Whats protecting the panel. Nothing so you need a main (backfeed a breaker and label it main). Now the panel is protected which leads you back to the tap rule which has been fixed as long as the wire is rated for 100 amps or what ever you deiced to use as a main.


----------



## Kevin (Feb 14, 2017)

No_Manufacturer said:


> someone could remove the 2 2 pole 40 amp breakers I installed and install 3 2 pole 100's and burn up my tap conductors.


So there are 2 (two) spaces out of the 6 (six) remaining in that panel? 

What's to stop someone from installing a 125 amp breaker in those open spaces down the road? 
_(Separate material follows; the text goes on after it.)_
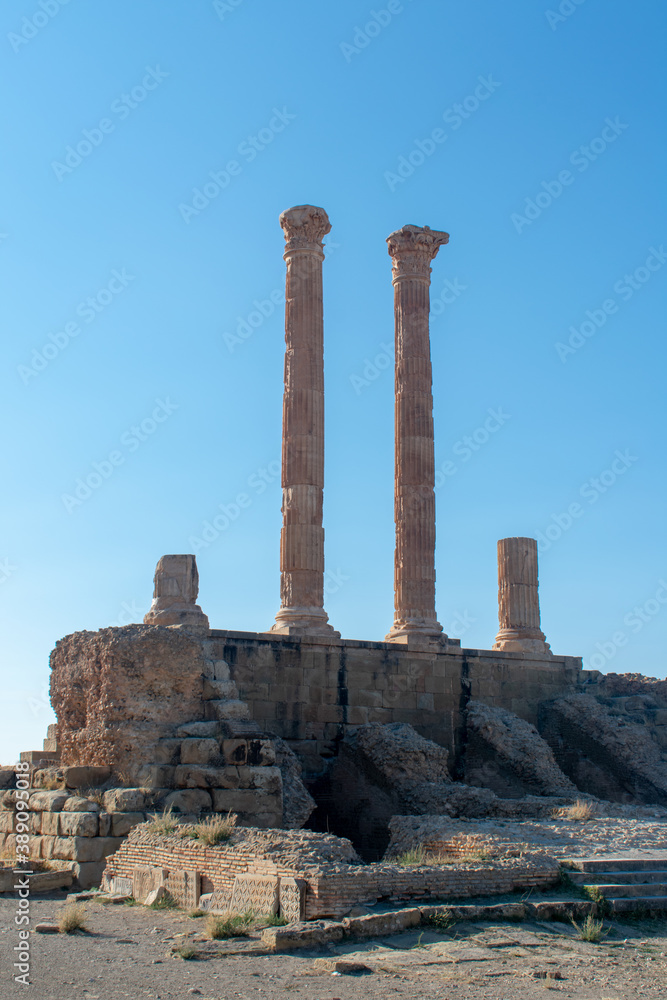 Timgad, Batna/Algeria - 10/11/2020: The Ruins of the Ancient city of Timgad (Thamugas) , Build around 100 BC in the Aures Region.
You installed a 100 amp panel, chances are the buss is only rated for 100 or 125 amps (most main lug panels would be 125 amps max, but a model number would confirm this) so not only would the wiring burn up, but so would the buss in the panel.

I wouldn't be worried myself about someone changing the breakers out for larger ones, as that's like worrying someone will put the wrong size of fuse in a disconnect that has the max fuse size labeled, but I WOULD be worried about someone adding something down the road.


----------